That puts a different gloss on debates over whether the show should “stick to sports,” which started long before anchor Jemele Hill called Donald Trump a white supremacist.
On one side of that debate are people like Ben Domenech, who argues that “celebrities, comedians, and sportscasters” diminish an important good that entertainment provides when they express strong opinions. “When you ‘stick to sports,’ you are doing more than confining yourself to the field,” the conservative pundit reasoned. “You are providing a way for people who may have diametrically opposed politics to share a beer at a bar discussing quarterbacks instead of executive orders. This is valuable, particularly given that one of the factors that led to Mr. Trump’s rise is a market for outrage, on the right and the left … There is always another inch to be won, another point to be defended, and this hyper-politicization limits the space free from the culture wars Mr. Trump exploited to great effect.”

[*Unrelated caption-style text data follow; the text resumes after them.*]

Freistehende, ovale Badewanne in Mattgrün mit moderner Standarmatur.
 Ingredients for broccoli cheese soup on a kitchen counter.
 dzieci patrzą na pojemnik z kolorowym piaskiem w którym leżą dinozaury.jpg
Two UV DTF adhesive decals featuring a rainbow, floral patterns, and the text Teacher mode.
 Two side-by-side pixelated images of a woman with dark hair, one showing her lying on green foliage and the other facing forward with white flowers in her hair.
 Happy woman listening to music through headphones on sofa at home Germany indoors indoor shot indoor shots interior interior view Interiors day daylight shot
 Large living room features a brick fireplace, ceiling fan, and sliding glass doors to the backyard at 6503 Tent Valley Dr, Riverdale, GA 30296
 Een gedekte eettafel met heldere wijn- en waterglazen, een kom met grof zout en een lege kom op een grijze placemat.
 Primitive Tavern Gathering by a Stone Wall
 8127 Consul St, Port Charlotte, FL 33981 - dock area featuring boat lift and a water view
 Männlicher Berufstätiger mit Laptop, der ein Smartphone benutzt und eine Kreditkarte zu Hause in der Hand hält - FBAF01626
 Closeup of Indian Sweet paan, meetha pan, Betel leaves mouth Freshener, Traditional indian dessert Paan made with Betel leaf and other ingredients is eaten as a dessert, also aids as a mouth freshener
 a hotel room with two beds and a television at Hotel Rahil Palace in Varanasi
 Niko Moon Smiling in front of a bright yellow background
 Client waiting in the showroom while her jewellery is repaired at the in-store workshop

One counter-argument is that celebrities sometimes have a duty, or at least a compelling interest, to call attention to an injustice or an alarming political trajectory; that there is a reason we look back on athletes who spoke up on behalf of causes like civil rights as heroes; that staying mum in the face of evil is itself a political act; and that like it or not, millions of people look to athletes as role models. And many black athletes and much of the black talent at ESPN who cover them believe the Trump Administration poses a threat to their community, particularly in the way that it is weakening federal protections against civil-rights abuses.
The clash between those perspectives shapes the current moment, as do the decisions of individuals like Colin Kaepernick, who feels that the benefits of taking a political stand outweigh the costs. Insofar as figures within the NFL, MLB, and NBA inject themselves into politics, ESPN will get political even when “sticking to sports”––sports, it should be added, that incorporate the national anthem, flyovers by military jets, presidents throwing out first pitches, and all manner of other symbols and rituals that mark them as civic territory, not a separate realm of escapism.
But Curtis’s piece clarifies the degree to which an uptick in political content on ESPN isn’t a function of cultural elites deciding to politicize sports or to fight injustice, depending on your perspective; it is a matter of SportsCenter trying to remain what it has always been, a nightly sports show with hosts who are so up on what sports fans are talking about that they can distill the zeitgeist multiple times every evening; what’s changed is that many of those sports obsessives have spent all day in the milieu of social media, where sports is mashed up with politics and culture as never before.
To “just do sports,” even setting aside Tim Tebow praying or Lebron James wearing an “I can’t breathe” t-shirt, is to ignore what sports fans are talking about on their own initiative, and to seem out of touch on a program that has always thrived on knowing in-jokes.